Project leader: Anna Herring (Dept. Applied Maths, RSPhys, ANU)
Industry partner: Pål-Eric Øren, Petricore
Fig. 1: (Zoom window on top) CO₂ contact angles, interface pinning/movement → rock wettability and energy dissipation Δt = ms - sec;
(middle) Brine-CO₂ interfacial areas and ganglia volumes → solubility kinetics Δt = hours - days;
(bottom) Ganglia Curvature → Ostwald Ripening Δt = weeks - months.
Objective:
  1. Predict transport and ultimate long-term fate of CO₂ injected during geologic CO₂ sequestration operations.
  2. Quasi-static (“timelapse”) CT imaging will be used to characterize dynamic interfacial properties of CO₂ and brine flow experiments in rocks.

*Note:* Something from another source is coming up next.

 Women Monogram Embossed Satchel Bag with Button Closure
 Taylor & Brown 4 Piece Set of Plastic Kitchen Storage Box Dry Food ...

  3. Microscale characteristics (interfacial area, ganglia volumes, contact angle, curvature of interfaces) dictate flow and mass transfer processes on large spatial and temporal scales.
Alignment within M3D Innovation:
  1. Develop workflow for quasi-static/timelapse CT imaging over wide range of time scales.
  2. Implement new image processing algorithms (contact angles/wettability characterization; dynamic imaging artifacts).
  3. Application for both higher-speed synchrotron imaging and lower-speed CTLab imaging.
Approach:
  1. Design supercritical-condition experiments to target specific dynamic processes: wettability controls on CO₂ interface movements; solubility kinetics as a function of changing pressure, temperature, salinity, interfacial area; Ostwald ripening (monitored via curvature evolution) under “equilibrium” conditions.
  2. Execute “quasi-static” tomographic experiments to capture time-lapse 3D series (ANU CTLab or synchrotron).
  3. Innovate image analysis protocols to accurately quantify micro-scale properties (incl. programming new quantification and dynamic artifact removal algorithms).
  4. Identify quantitative links between microscale parameters and dynamic processes.
Key Milestones:
  1. Design of experiments with consideration to acquisition timeframes, process thermodynamics and kinetics, unavoidable image artifacts.
  2. Implementation/application of new and existing image analysis algorithms.
  3. Execution of experiments at synchrotron or ANU CTLab.
  4. Quantify links to dynamic processes and cross-validate (numerically) with industry partner.